**YOUR ASSIGNMENT**: When you reach the line in the listing below that contains "Lettered and Lined", begin returning lines exactly as written, and stop after the line that contains "Aerial view of the Kirkjufell mountain". Return no other lines.

**DATA EXTRACT**:
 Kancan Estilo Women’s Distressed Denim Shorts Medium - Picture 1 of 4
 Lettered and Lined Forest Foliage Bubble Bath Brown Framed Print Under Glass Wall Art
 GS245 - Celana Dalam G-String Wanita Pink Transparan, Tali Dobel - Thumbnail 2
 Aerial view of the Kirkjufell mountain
==
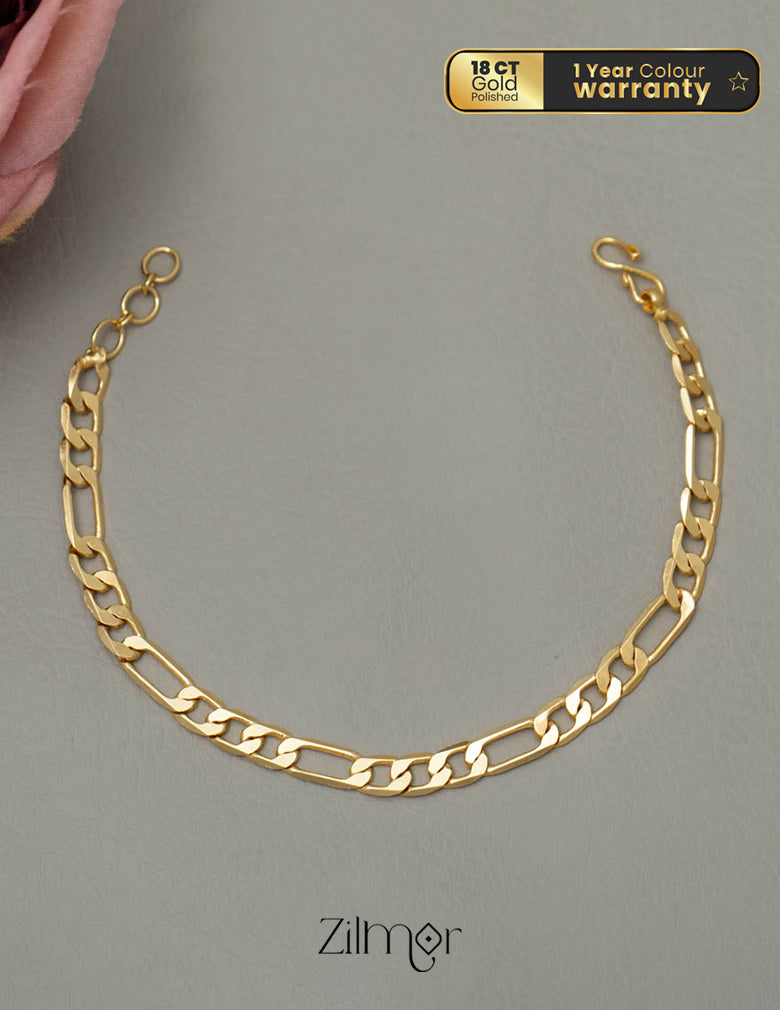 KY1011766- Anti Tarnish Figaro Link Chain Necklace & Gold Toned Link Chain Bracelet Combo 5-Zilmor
---
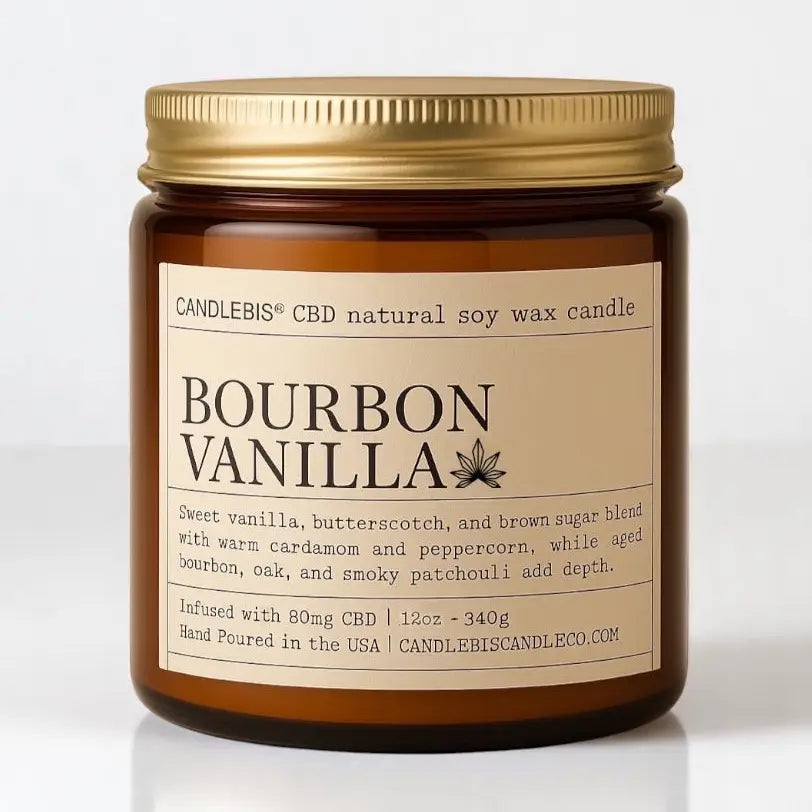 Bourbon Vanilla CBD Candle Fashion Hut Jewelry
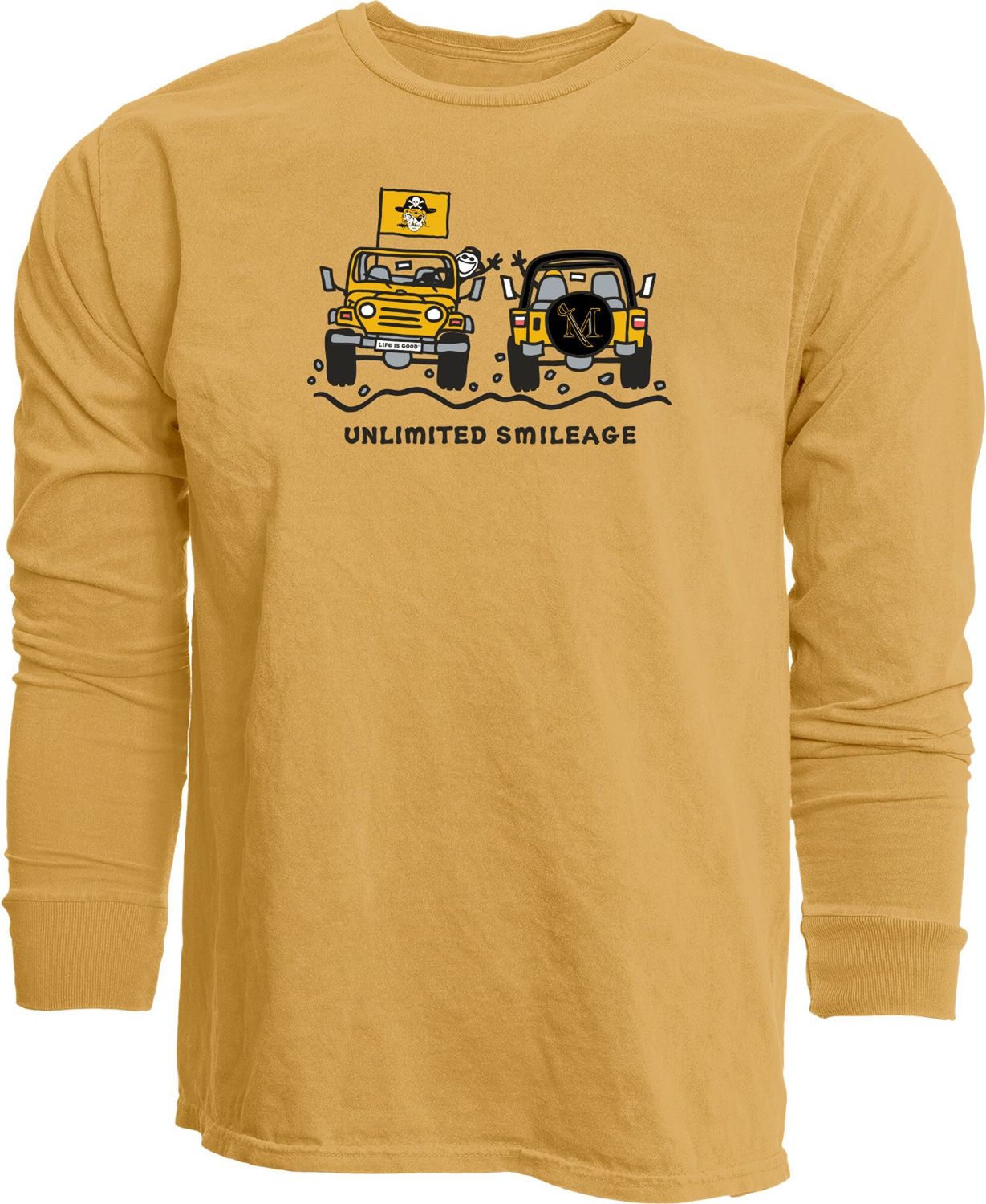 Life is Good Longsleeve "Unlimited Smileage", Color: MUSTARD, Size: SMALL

**WRITTEN ANSWER**:
 Lettered and Lined Forest Foliage Bubble Bath Brown Framed Print Under Glass Wall Art
 GS245 - Celana Dalam G-String Wanita Pink Transparan, Tali Dobel - Thumbnail 2
 Aerial view of the Kirkjufell mountain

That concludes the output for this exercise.